Observability Concepts
Observability represents a fundamental shift in how we monitor systems, allowing us to understand them from the outside in. Unlike traditional monitoring, observability enables us to ask questions about the system without necessarily knowing its detailed internal workings. This capability is especially crucial for identifying and resolving not only known problems, but also "unknown unknowns" - those we couldn't anticipate.

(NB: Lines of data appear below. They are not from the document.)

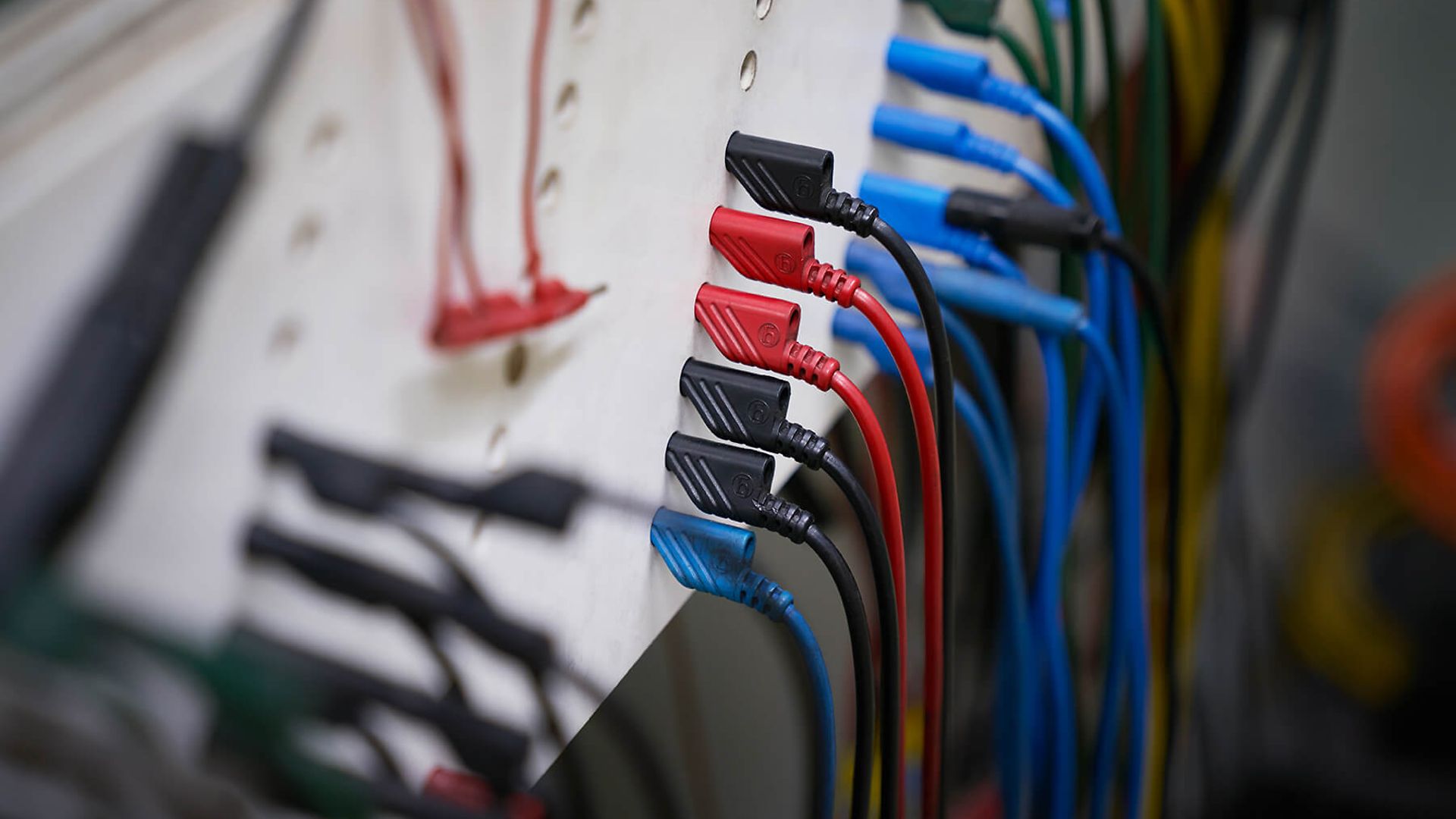 Nahaufnahme von schwarzen, roten und blauen Kabeln, die in eine Maschine führen.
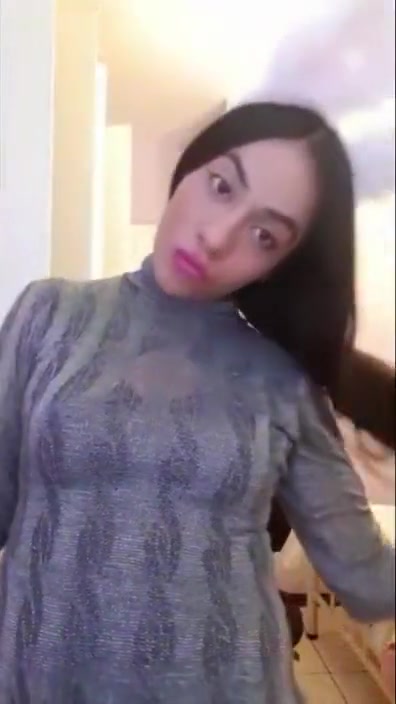 Cute teenage girl trying to show off her body in tight dress - teen 18+ strip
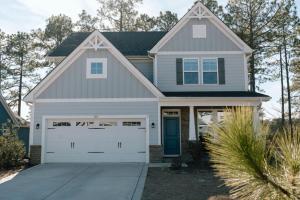 a gray house with a white garage at Sleeps 9- In Whispering Pines in Carthage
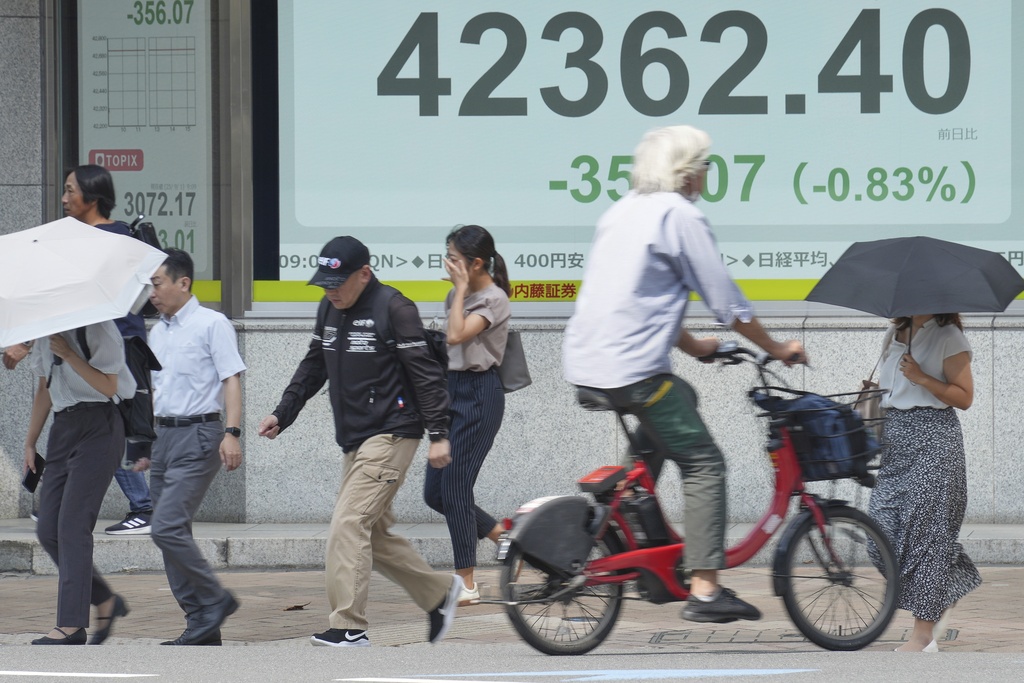 People walk in front of an electronic stock board showing Japan's Nikkei index at a securities firm Monday, Sept. 1, 2025, in Tokyo. (AP Photo/Eugene Hoshiko)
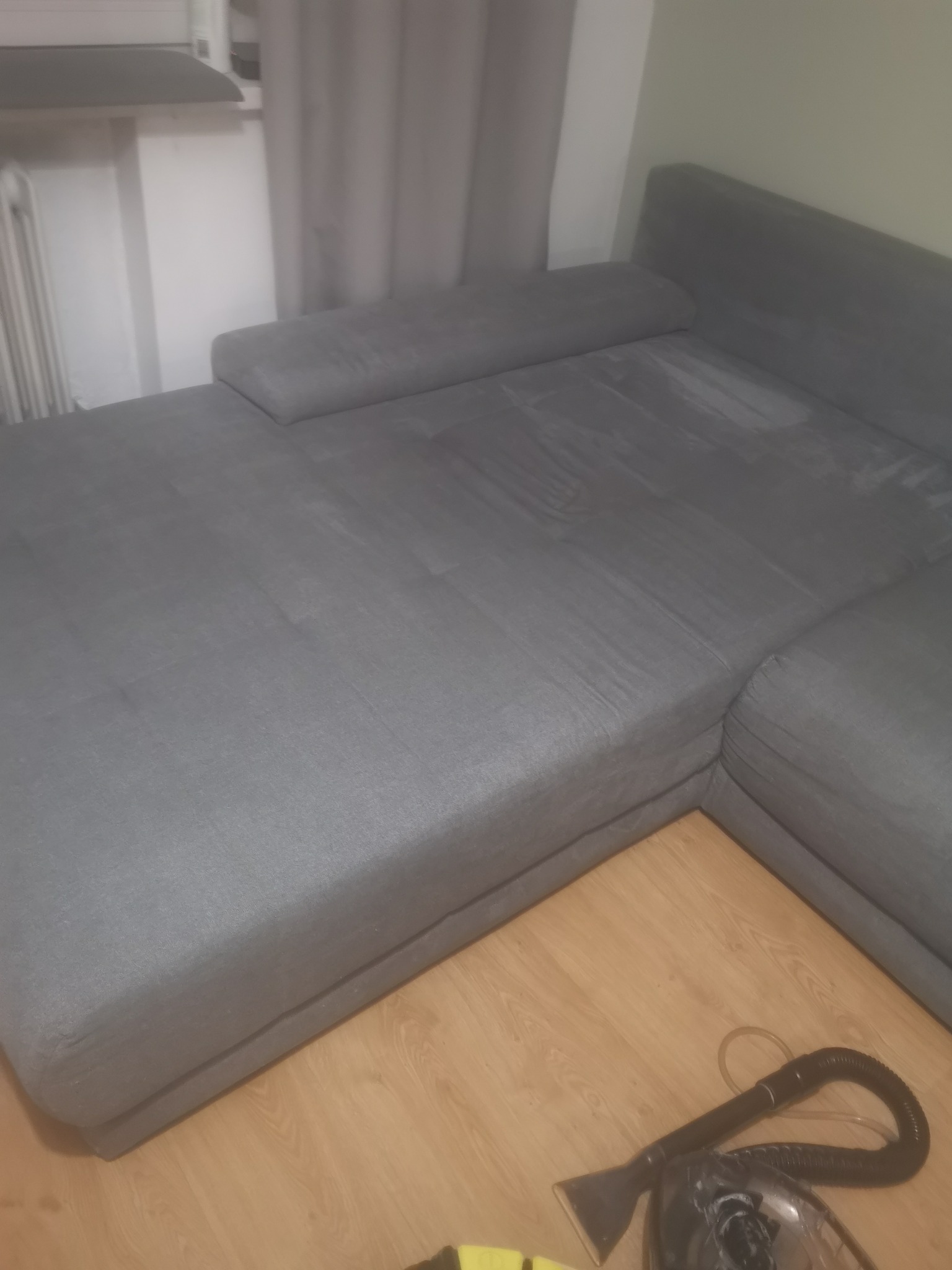 Szara kanapa narożna z widocznymi śladami czyszczenia i urządzeniem do prania tapicerki leżącym na podłodze.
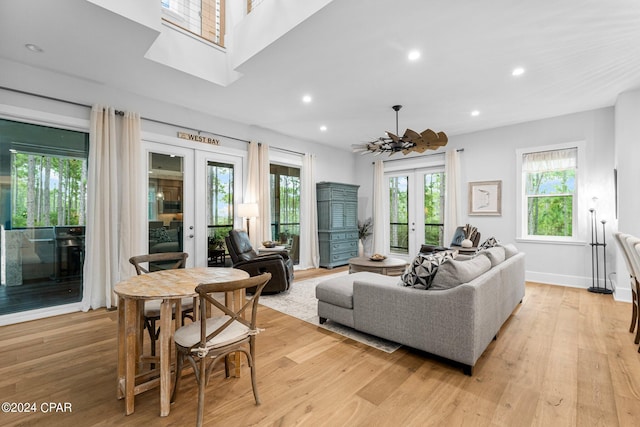 living room featuring french doors, light wood-type flooring, recessed lighting, and baseboards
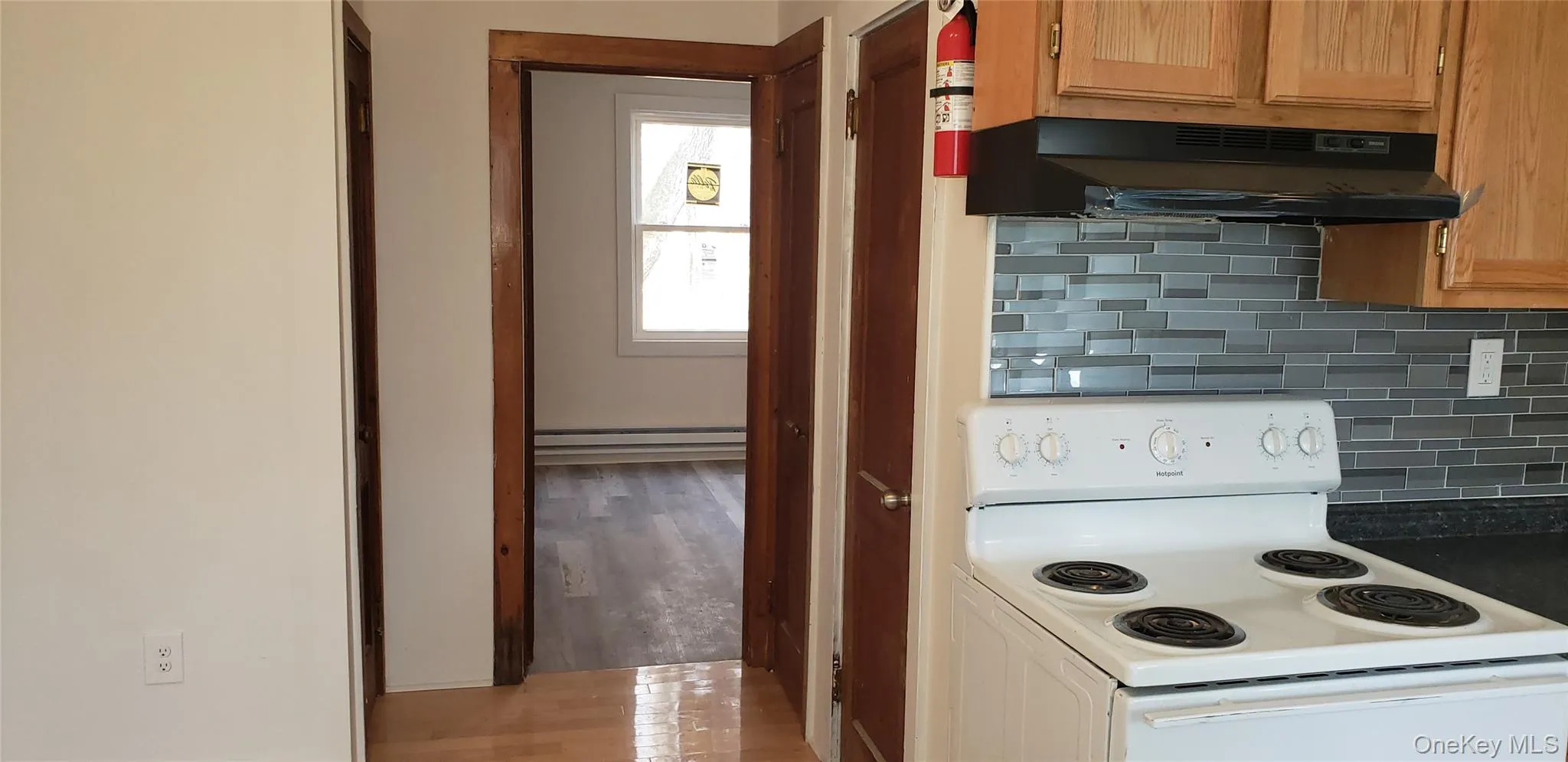 Kitchen with decorative backsplash, white electric range, under cabinet range hood, and light wood finished floors Kitchen with decorative backsplash, white electric range, under cabinet range hood, and light wood finished floors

To achieve effective observability, systems need to be properly instrumented. Instrumentation consists of the code's ability to emit signals that allow us to understand its behavior. OpenTelemetry (OTel) initially focuses on three fundamental types of signals:
- Traces: Allow visualizing the path of a request through different services
- Metrics: Provide quantitative data about system performance
- Logs: Record specific system events
It's important to note that although OpenTelemetry starts with these three pillars, its architecture was designed to expand and incorporate other types of telemetry as technology evolves.
Modern Computing Context​
OpenTelemetry emerged as a response to the specific needs of the cloud-native era, where applications are characterized by:
- Distributed architectures
- Serverless components
- Container execution
- Intense communication between different services
In this context, distributed tracing gains special importance, as it allows visualizing and understanding data flow through multiple services and components.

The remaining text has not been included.